Cette distinction est conforme aux pratiques en matière de tests indépendants. TÜV SÜD présente le SAT afin de vérifier que l'équipement BESS installé est complet, intégré et prêt à fonctionner en toute sécurité sur le site, les essais de performance étant considérés comme une activité distincte et clairement définie. IEC 62933-3-1:2025 couvre également les fonctions, le fonctionnement, la surveillance, les éléments de test et l'évaluation des performances du système EES. La procédure du projet définit toujours les valeurs de réussite effectives.
Interrompre l'opération avant la mise sous tension en cas de divergence entre les registres
Une équipe d'installation peut avoir achevé le câblage visible, mais laisser tout de même à l'équipe de mise en service une installation qui ne correspond pas aux spécifications. La cause la plus fréquente n'est pas un dommage important sur les équipements, mais un décalage discret entre le schéma approuvé, la configuration livrée et le raccordement final sur site.
Imaginons qu'une armoire ESSA soit ajoutée à un tableau électrique d'usine existant. Le plan de construction indique que le compteur PCC est situé en amont du circuit d'alimentation du BESS. Or, le compteur installé se trouve sur le circuit d'alimentation lui-même. Les deux compteurs fournissent des chiffres plausibles, mais un seul d'entre eux peut indiquer l'importation totale du site. Mettre l'armoire sous tension peut être sans danger ; en revanche, déclencher le système de réduction des pics à partir de ce signal ne l'est pas.

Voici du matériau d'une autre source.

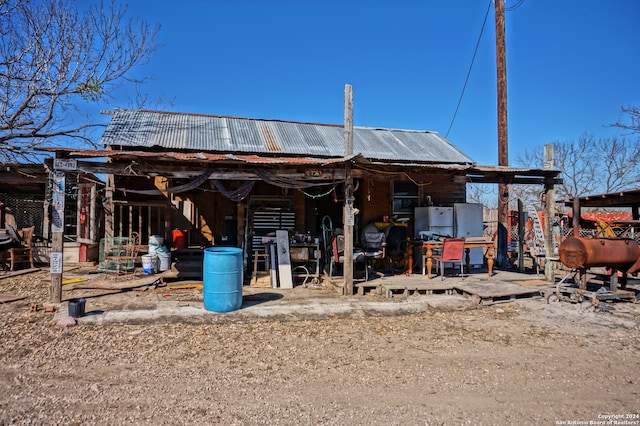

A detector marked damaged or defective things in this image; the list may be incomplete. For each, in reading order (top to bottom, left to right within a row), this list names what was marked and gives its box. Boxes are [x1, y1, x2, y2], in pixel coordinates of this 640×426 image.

rusty corrugated roof [101, 108, 476, 165]
rusted equipment [556, 236, 640, 272] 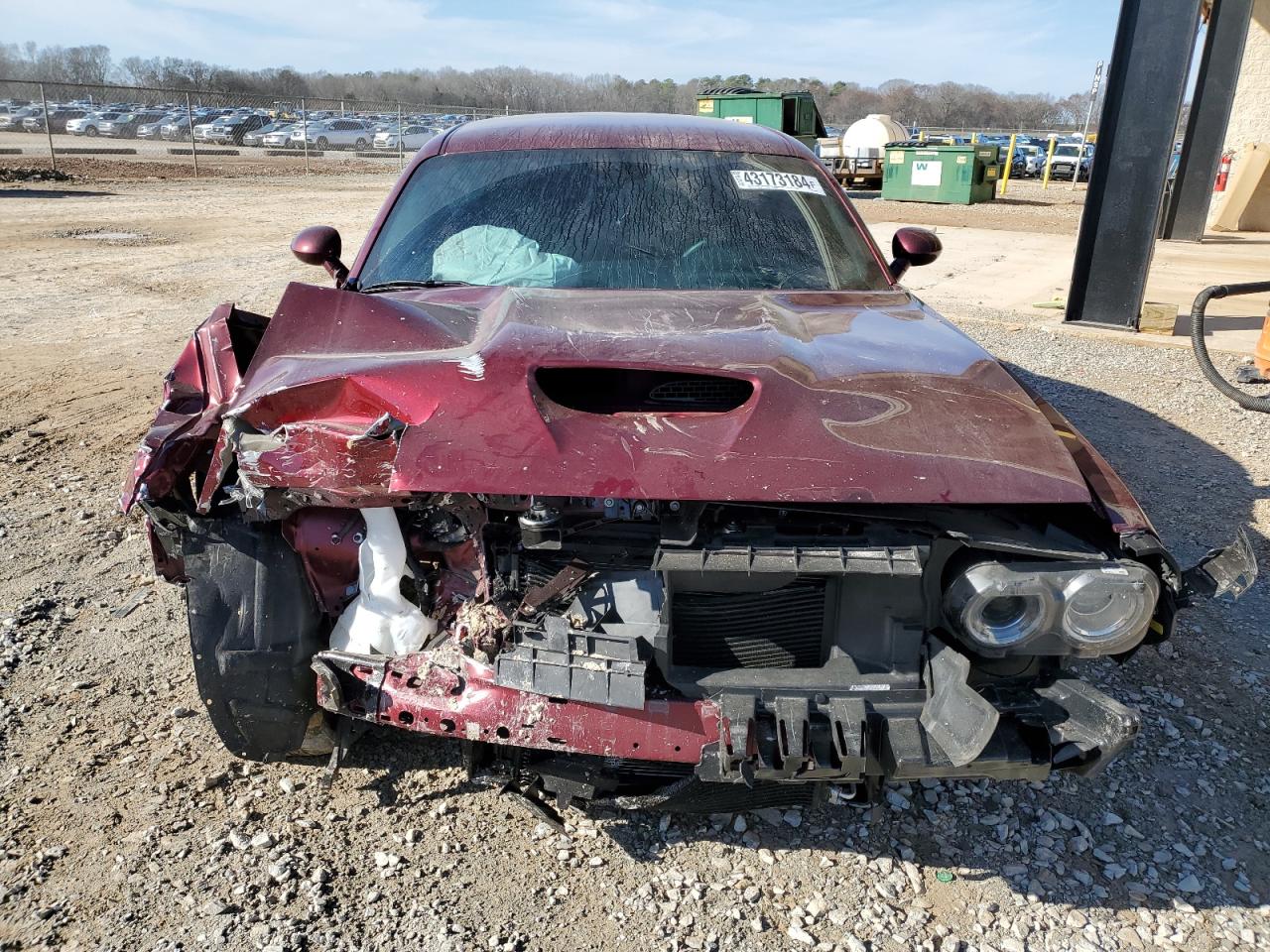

La visite de contrôle avant mise sous tension doit permettre de vérifier six points :
- Identité : modèle du boîtier, numéro de série, PCS, BMS, EMS et versions logicielles approuvées ;
- Schéma électrique tel que réalisé : source, transformateur, tableau de distribution, ligne d'alimentation, disjoncteur, câble, disposition du neutre et du conducteur de protection ;
- Achèvement mécanique : fixation, dégagements, presse-étoupes, fonctionnement des portes, circuit de ventilation et dommages liés au transport ;
- Réalisation des travaux électriques : raccordement des câbles, enregistrement du couple de serrage, ordre des phases, continuité, isolation et mise à la terre ;
- Base de couverture : les réglages des relais et des disjoncteurs, le chemin de déclenchement, les hypothèses de sélectivité et les autorisations à distance ;
- État de préparation des services auxiliaires : l'alimentation électrique, les systèmes de chauffage, de ventilation et de climatisation (CVC) ou l'alimentation des ventilateurs, l'éclairage, les systèmes de communication et toute interface avec les systèmes de lutte contre l'incendie entrant dans le champ d'application.
Certains problèmes peuvent rester sur la liste des points à régler. D'autres nécessitent l'arrêt de l'alimentation électrique.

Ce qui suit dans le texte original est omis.